= Attempted murder =

Crime of attempt in various jurisdictions

Attempted murder is a crime of attempt in various jurisdictions.

==Canada==
Section 239 of the Criminal Code makes attempted murder punishable by a maximum of life imprisonment. If a gun is used, the minimum sentence is four, five or seven years, dependent on prior convictions and relation to organized crime.

==United Kingdom==
===England and Wales===
In English criminal law, attempted murder is the crime of simultaneously preparing to commit an unlawful killing and having a specific intention to cause the death of a human being under the King's Peace. The phrase "more than merely preparatory" is specified by the Criminal Attempts Act 1981 to denote the fact that preparation for a crime by itself does not constitute an "attempted crime".

In England and Wales, as an "attempt", attempted murder is an offence under section 1(1) of the Criminal Attempts Act 1981 and is an indictable offence which carries a maximum penalty of life imprisonment (the same as the mandatory sentence for murder). The corresponding legislation for Northern Ireland is section 3(1) of the Criminal Attempts and Conspiracy (Northern Ireland) Order 1983 (No.1120 (N.I.13)).

The mens rea (Latin for the "guilty mind") for murder is an intention to kill or cause grievous bodily harm, whereas attempted murder depends on an intention to kill and an overt act towards committing homicide. Attempted murder is only the planning of a murder and acts taken towards it, not the actual killing, which is the murder. This makes the offence very difficult to prove and it is more common for a lesser charge to be preferred under the Offences against the Person Act 1861.

However, in R v Morrison [2003] 1 WLR 1859, the Court of Appeal considered the issue of alternative verdicts on an indictment with a single count of attempted murder. Morrison had gone into a shop with two other men on a robbery with a firearm. They demanded money and one of the men shot at the shopkeeper who suffered only minor injury.
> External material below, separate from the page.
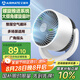 艾美特（AIRMATE）空氣循環(huán)扇家用節(jié)能小型落地電風扇四季循環(huán)對流換氣桌面小風扇大風量宿舍臺式搖頭輕音電扇 X28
The prosecution had many opportunities to add other counts before the trial but failed to act. Having heard the case, the judge expressed his view that the jury could consider an attempted grievous bodily harm (GBH) under section 18 of the 1861 Act and Morrison was duly convicted of attempting to cause grievous bodily harm. The Court of Appeal confirmed that attempting to cause grievous bodily harm is a valid alternative to attempted murder because there can be no intention to kill someone without the intention also to cause grievous bodily harm.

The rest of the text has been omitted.